WORK TO COMPLETE:
Beginning with the line that includes "Conjunto Olympique de", return every remaining line of the material exactly as it reads, but not the pictures.

EXTRACTED INFORMATION:
----
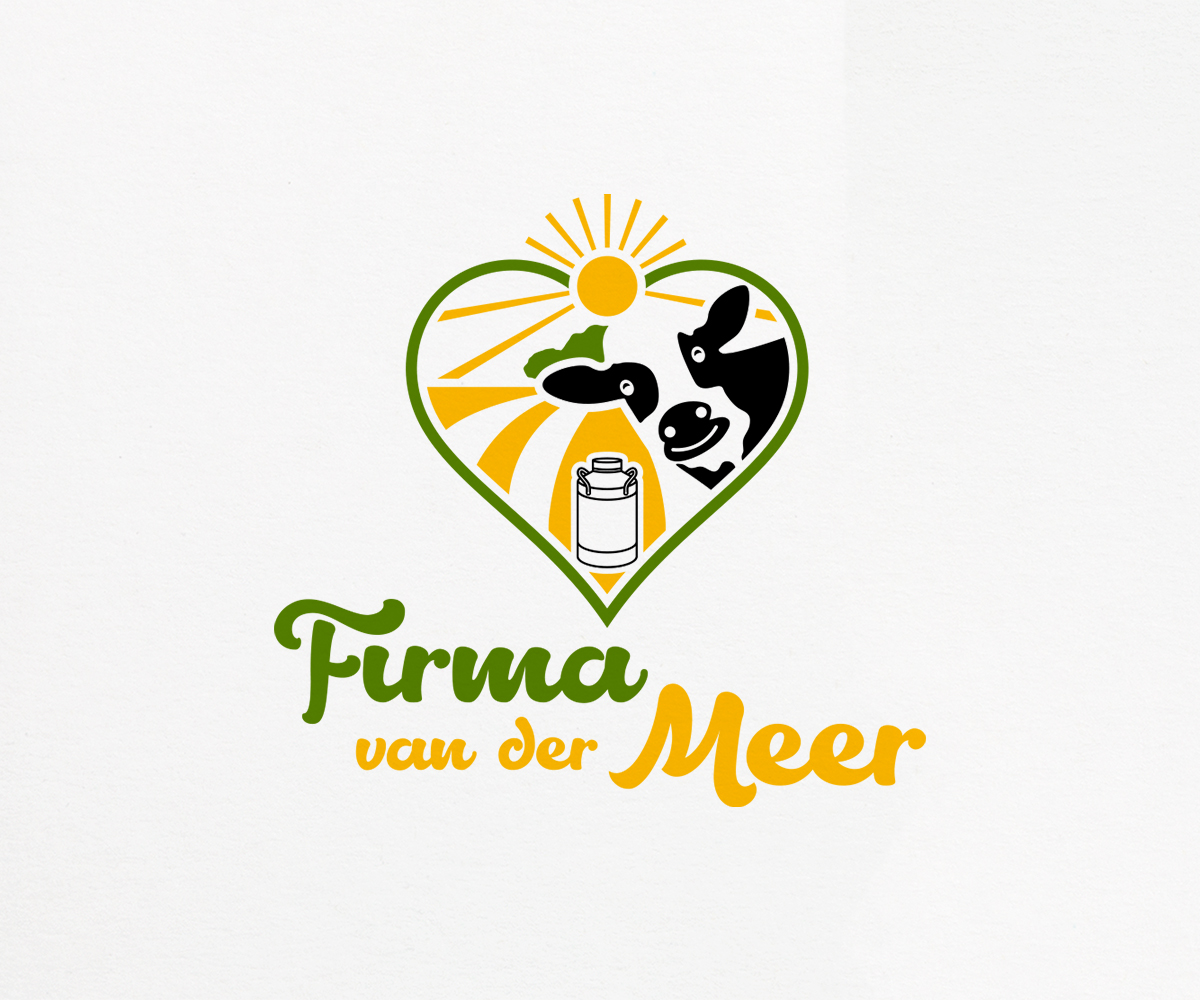 Logo Design by H-H Arts for Firma van der Meer | Design #23433006
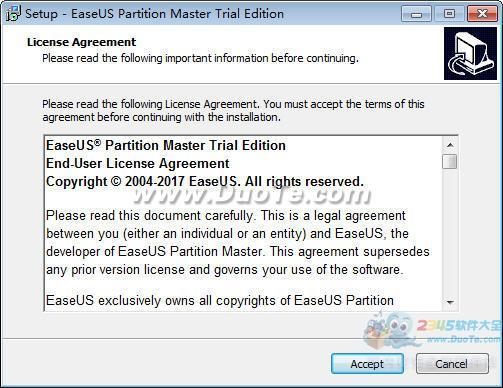 EASEUS Partition Master Home Edition(ʦ) V12.5.0.0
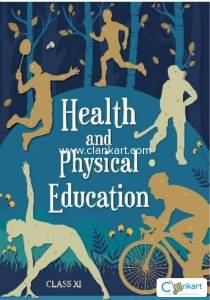 NCERT Physical education class 11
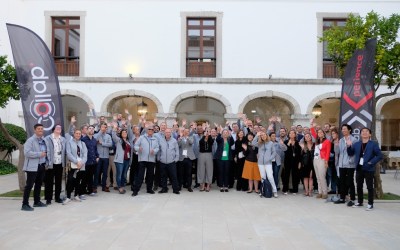 Recapitulação do evento CollabXperience'19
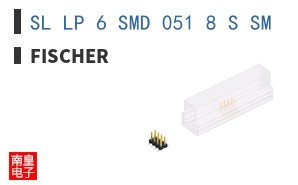 SL LP 6 SMD 051 8 S SM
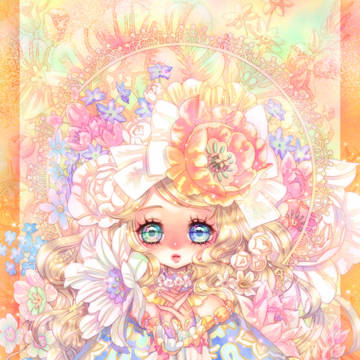 花-feel-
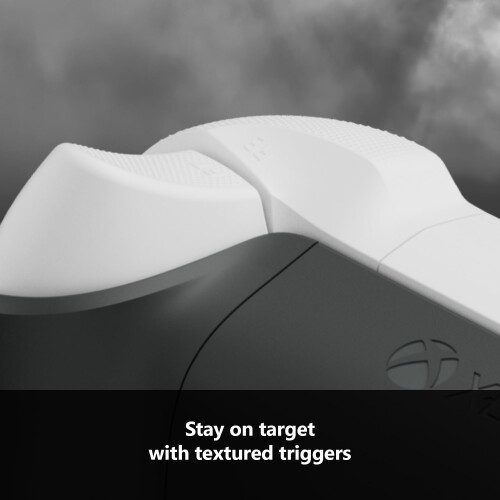 Xbox Xbox Wireless Controller – Storm Breaker Special Edition Series X|S, One, PCs, and Cloud-Enabled Devices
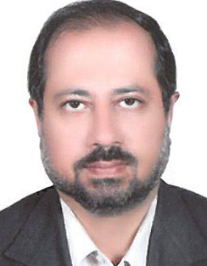 محمد اسلام زاده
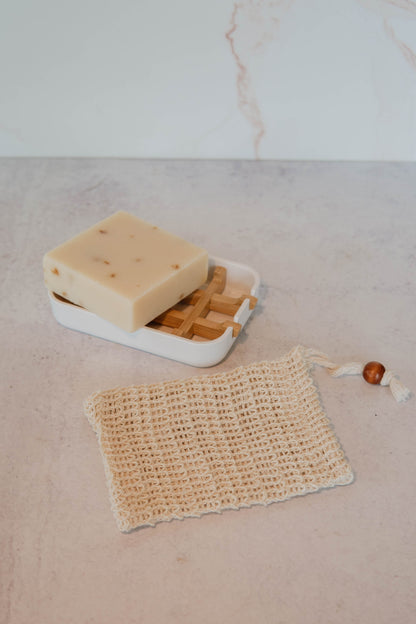 Handmade Natural Soap Bars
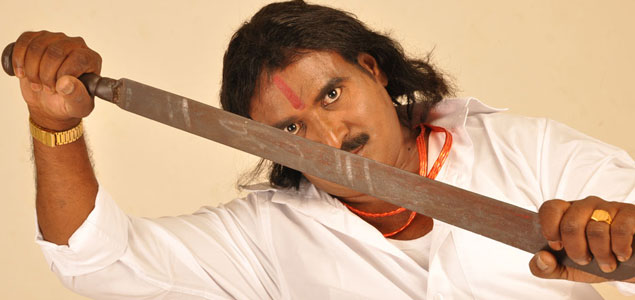 kazhugumalai kallan tamil movie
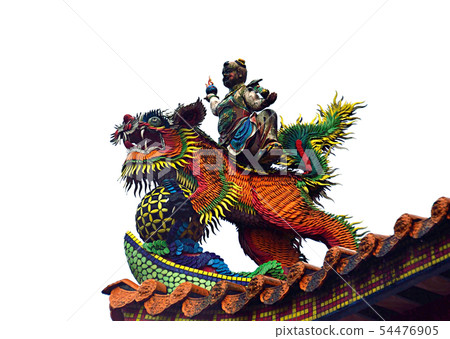 Jiu Jing Bohai Sea Castle (Shou Hui) 54476905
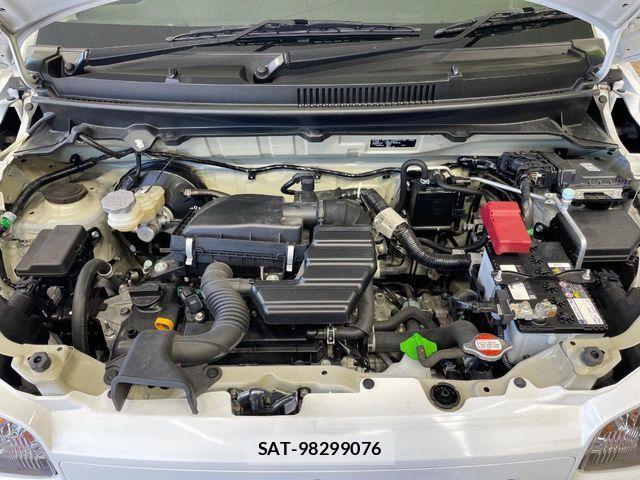 Suzuki ALTO 2021-03 7960411-18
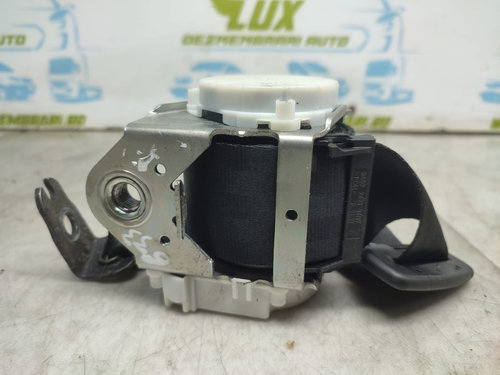 Centura dreapta spate 33059771E Volkswagen VW Passat B7 [2010 - 2015] 2.0 tdi CFGB
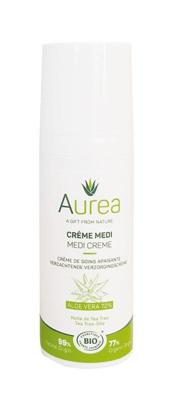 Medi cream aloe vera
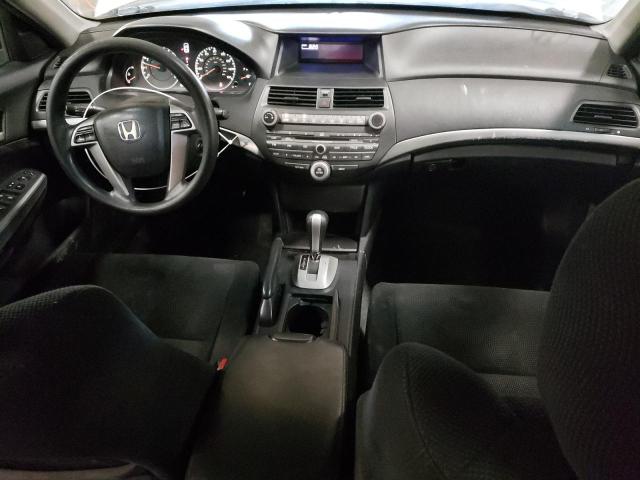 Photo 8 from auction – 2010 HONDA ACCORD EX with VIN 1HGCP2F70AA126946
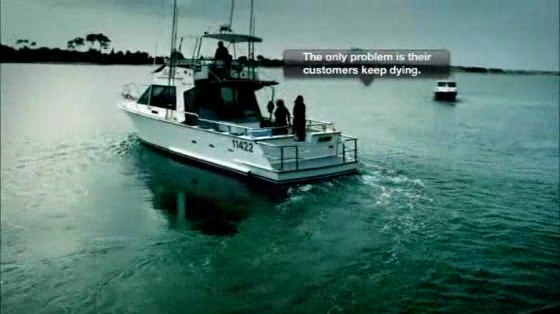Hutchwilco: Secret Fishing Spots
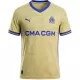Conjunto Olympique de Marseille Cuarta Niño 25/26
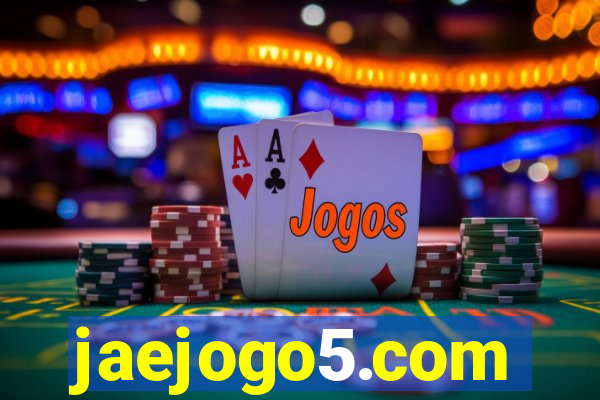 jaejogo5.com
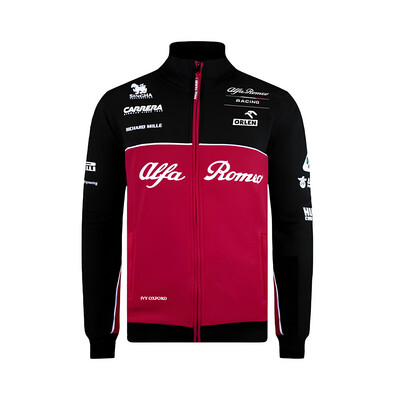 Alfa Romeo Racing Team® Softshell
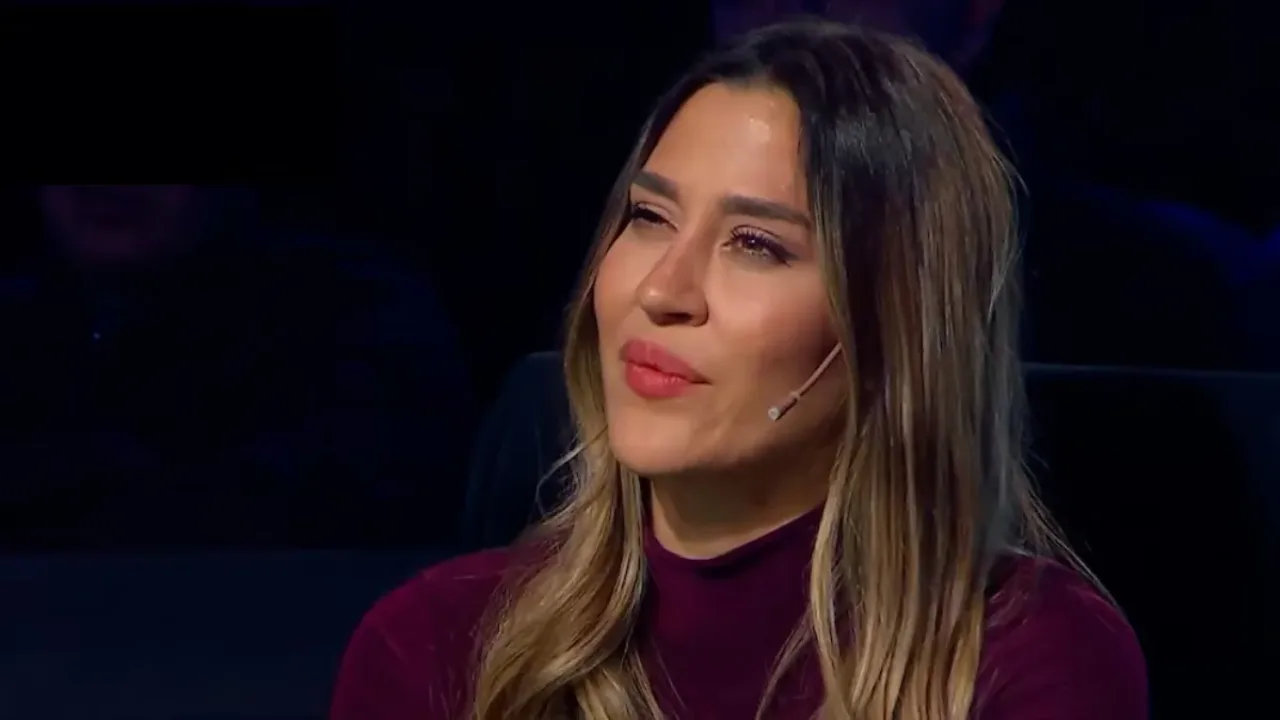 Jimena Barón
----
ANSWER TO THIS EXERCISE:
Conjunto Olympique de Marseille Cuarta Niño 25/26
 jaejogo5.com
 Alfa Romeo Racing Team® Softshell
 Jimena Barón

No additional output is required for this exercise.